5. Devin Hester — Return Specialist
Devin Hester may be the best return specialist of all time. Since 2006, Hester has made a living on special teams. Teams have tried putting him on defense and offense to find more ways to get him the ball, but at the end of the day he is always going to be remembered as a master returner. The three-time Pro Bowler holds the record for the most return touchdowns of all time. He is first in both catagories for punt and kick returns. Hester is a member of the NFL All Decade Team of the 2000s. Though the Hall of Fame voters have not shown a lot of love for guys on special teams, Hester is definitely going to have to make them think.
4. Adam Vinatieri — Kicker
If you were to write a book on the history of the NFL, you would not be able to get around mentioning Adam Vinatieri. Vinatieri has played in five Super Bowls and been a member of six Super Bowl teams. He has four rings, three with the Patriots and one with the Colts and has actually kicked two Super Bowl winning field goals. He also kicked the field goal that won the Patriots the AFC Divisional game in 2001 in the snow. Vinatieri has earned the nickname “Mr. Clutch”. He holds the all-time record for most field goals in both Super Bowls and the playoffs. This is the type of kicker teams want. Obviously, Vinatieri does not choke under pressure.

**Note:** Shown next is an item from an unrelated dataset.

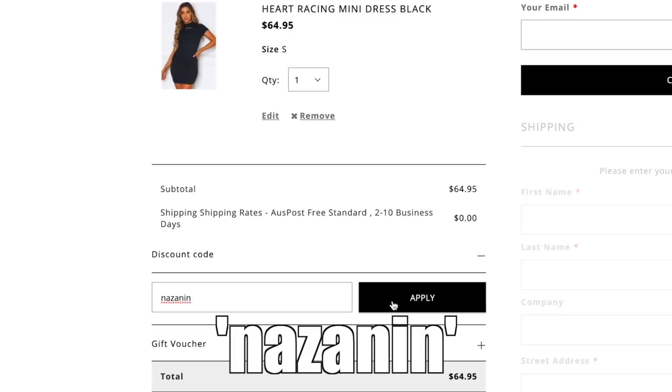That is it for this haul — I really hope you guys enjoyed! I'm so in love with all the pieces. It's not often where every single item works for me in a haul but everything I got was just on point and the quality was amazing. My favorite items would have to be that leopard mini dress and these sunglasses — honestly so hard to pick. Everything will be linked down below for you to shop, and use code Nazanine for 15% off. Give me a big thumbs up and subscribe for more videos — I love you guys, bye!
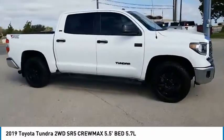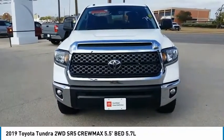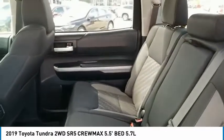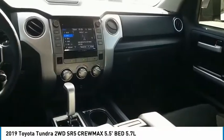Included as standard are vehicle stability control, traction control, electronic brake force distribution, anti-lock brakes, and tailgate assist. With a towing capacity of up to 10,000 plus pounds and a payload capacity of over 2,000 pounds, the Tundra is the perfect mix of power and efficiency.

3. Morten Andersen — Kicker
Morten Andersen holds the record for scoring the most points in NFL history. He played from 1982 to 2007 for five different teams. He is actually the all-time leading scorer for both the Atlanta Falcons and the New Orleans Saints. The 1998 NFC Champion went to seven Pro Bowls. He currently holds 13 different NFL records.
2. Steve Tasker — Gunner
Despite being only 180 pounds, Steve Tasker was one of the hardest hitters the game has ever seen. Tasker was a gunner for the Buffalo Bills from 1986 to 1997. He was a very important part of the Bills’ four straight NFC Championship titles. He made the Pro Bowl seven times as a gunner. He was named the 1992 Pro Bowl MVP and is the only player to ever get the award solely due to his contributions to special teams. Steve Tasker is widely considered to be the best gunner to ever play the game. Some would say he is the best special teamer in NFL history. Despite all the reasons why he should be in the Hall of Fame, the voters still have not put him through.
1. Ray Guy — Punter
Ray Guy was the first punter to ever be chosen in the first round of the NFL Draft. He spent his entire career with the Oakland/Los Angeles Raiders and made the Pro Bowl seven times from 1973 to 1986. Guy was a huge contributor to the Raiders’ three Super Bowl victories. He originally turned heads with his uncanny ability to kick the ball so high in the air that the other team would not be able to field it before the Raiders were already down field. It is said that the statistic hang time was actually added because people wanted to know how long Guy’s punts stayed in the air. Ray Guy is a member of the NFL’s 75th Anniversary Team. He is also the only pure punter in the Pro Football Hall of Fame. He was enshrined in 2014.